Its been a long time coming – but finally we’re out of beta

Providing online Programme support has a long history at the BBC. Tom Coates (now with Yahoo! Brickhouse) announced the launch of the Radio 3 website in 2004. Then Gavin Bell (now with Nature), Matt Biddulph (Dopplr‘s peripatetic CTO) and Tom spoke [pdf] about Programme Information Pages (or PIPs) back in 2005 at ETech. At the time it was hoped that PIPs would be rolled out to all BBC programmes so that every programme the BBC broadcast had a permanent web presence. Things didn’t quite work out that way.

BBC 2 Schedule
BBC 2 Schedule

For a bunch of reasons this early version of PIPs wasn’t going to scale across the entire BBC programming output. At the time the only solution available to the team was a static web publishing solution and trying to collapse the entire graph down to a series of static webpages was, frankly, a nightmare. But this work did show the way forward and put in place much of the intellectual framework for what followed.

What followed was a new version of PIPs. This new version had, from certain perspectives, a much simpler brief: to provide a repository of programme metadata for all BBC programmes. Of course from other perspectives it was a more complex brief, but that’s another story. What this left however was a public representation of this data.

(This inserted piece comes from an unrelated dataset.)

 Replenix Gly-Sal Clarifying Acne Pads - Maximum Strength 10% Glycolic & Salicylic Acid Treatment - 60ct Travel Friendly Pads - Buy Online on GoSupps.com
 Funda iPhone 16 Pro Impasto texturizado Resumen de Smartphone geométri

iPlayer of course is one representation, but iPlayer is trying to solve a different problem. iPlayer is incredible successful at delivering BBC’s Radio and TV content over IP. What it doesn’t solve is a permanent, persistent, web presence for all BBC programmes one that could support the archive and the existing BBC broadcast brands.

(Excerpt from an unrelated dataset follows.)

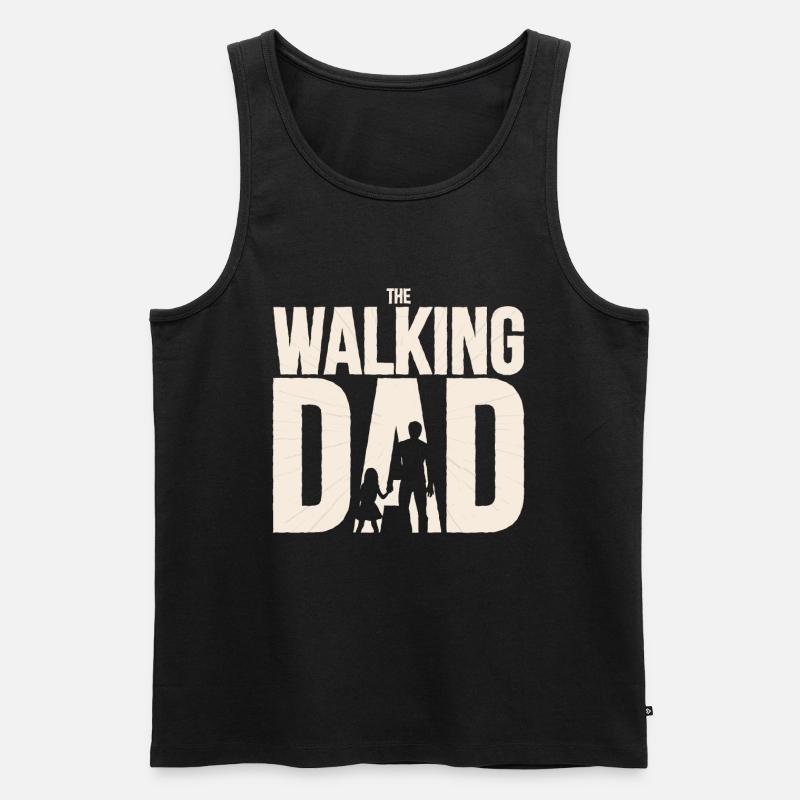 Der wandelnde Vater - Männer Premium Bio Tank Top - Schwarz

Last October we launched BBC programmes with the aspiration to build a true web citizen. One that would enhance the BBC’s web presence, making it a more useful place for people using bbc.co.uk and, at the same time, provide a useful service for external developers.

BBC Programmes at launch
BBC Programmes at launch

The last year has seen the service grow and develop at quite a rate (we’ve tried to release updates every couple of weeks), which especially given the modest size of the team is very impressive. I have tried to chart the major functional changes here on this blog. But what I’ve not tried to report on is the work of other teams who have styled and integrated the service into the existing broadcast brands, such as Springwatch, Last Choir Standing and now the TV Channel and Radio stations. This most recent piece of work – integrating the service into the relaunched TV sites – has also seen the service come out of beta which is truly fantastic.

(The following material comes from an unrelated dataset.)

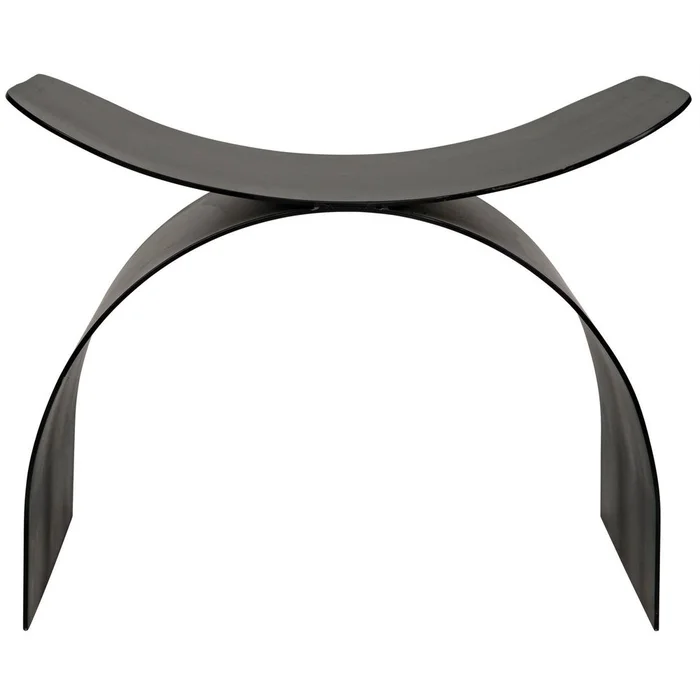 Papillon Stool – Black Steel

An episode page for Maestro
An episode page for Maestro

As I mentioned the team is small, however, it is also incredibly talented. I have learnt more from them, and enjoyed working with them, more than I suspect they will every truly know. Consider that 6 people have, in addition to designing and building the service, also designed and built a light weight MVC framework and laid the foundation for a highly interlinked, modern web offering. The credit for the site lies with:

Paul Clifford [Lead Software Engineer]
Duncan Robertson [Software Engineer]
Dave Evans [Software Engineer]
Michael Smethurst [Information Architect]
Jamie Tetlow [Designer]
Stephen Butler [Project Manager]

Should you find yourself in a similar position, needing to design and develop a complex modern web service, then if I were you I would make sure your team is small and full of really smart, T-shaped people who understand the domain and care deeply about the quality of the product they are developing.

So where next? Since although we’re now out of Beta there is still much to be done. At a high level we will be working on two fronts:

Firstly we will be making the pages at /programmes richer and the navigation between them more coherent and consistent. So for example making schedules by format in addition to schedules by genre and generally linking everything up. We’re also going to be adding the missing views – those where we have a view in one format but not others.

We are also working to link between, and transclude data from, other domains. For example, tracklistings on episode pages, aggregation of programmes by artist and more programme information on artist pages.